You did it! You scrimped and saved and studied and worked and borrowed more money than you ever have in your life, but you did it! You finally finished school. Most likely, you’ve got a few months of grace period to get settled into your new job – hopefully it’s in the field you studied for – and then those student loan payments are gonna start coming do. Plan now to keep your expenses in check while ensuring that managing your education debt is a part of your long term financial plan.

Most people start their borrowing with a Federal Family Education Loan or FFEL. FFELs cover both subsidized and unsubsidized loans, and an FFEL consolidation loan can wrap both of a borrower’s federal loans into a single manageable package. FFEL consolidation programs offer extended repayment terms and fixed rates, and in some cases even those who have been in default in the past can qualify. If you have any federal education debt an FFEL consolidation loan should be the first place you look.

In addition to traditional federally funded loans, many students finance their advanced education with a variety of private loans. Private consolidation of these loans offers borrowers many of the same benefits as federal consolidation – fixed rates, longer terms, and lower payments. Conditions may be stricter for a private consolidation and you cannot usually combine private and federal loans under a single consolidation package. You may end up with two consolidation loans, one for your federal debt, and one for private; be sure to shop around for the best rates.

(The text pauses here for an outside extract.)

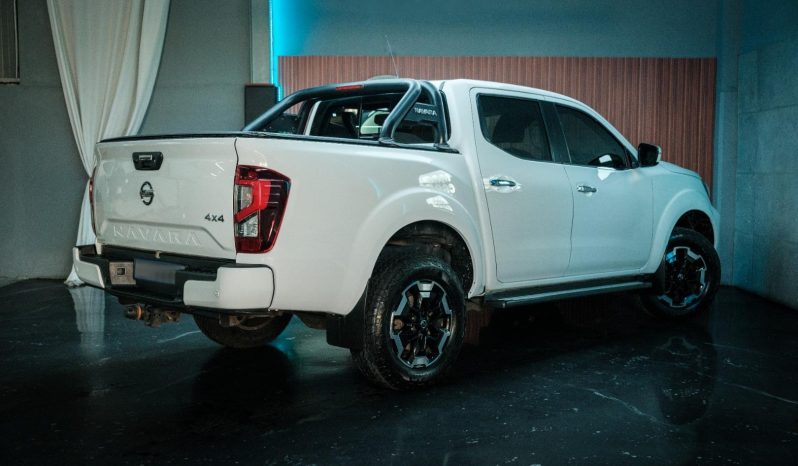 
								Nissan Navara 2.5D Le 4X4 D Cab At full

Many parents use the PLUS loan program to borrow for the children’s education. PLUS loans can be consolidated using a PLUS consolidation program much which offers similar benefits and potential pitfalls of FFEL and private consolidation – fixed rates, and lower payments spread over a longer term. Plus loan consolidations are great for some people but parents need to take a good look at all of their options before consolidating.

There are many alternative ways of consolidating education financing. For homeowners a second mortgage may provide a better solution to a consolidation loan giving the borrower the option to put of their education loans into a single package. Private loans from family members are another way some grads handle their finances, and for a lucky few, some employers even offer tuition reimbursement programs.

New technologies have come to the lending world where the idea of peer-to-peer programs and micro-financing has taken root. Peer to peer financing allows the borrower to present a request for funding to a group of potential “micro-investors” who then bid on the loan by offering different rates and terms. Once a deal is struck the network services the loan, ensures payments are made and the necessary paperwork is taken care of. For borrowers with needs outside the comfort zone of traditional banks a P2P loan may help them get started down the path to getting their loans paid off.

Making the transition from school life to your career is a road with more than its share of lessons and challenges. Having to make large student loan payments on an entry level salary while trying to save cash for a professional wardrobe, deposits on housing, and other “grown-up” essentials is enough to stop that progress dead in its tracks. There are many things to consider when applying for a consolidation, but knowing that you have options available can help make your transition manageable.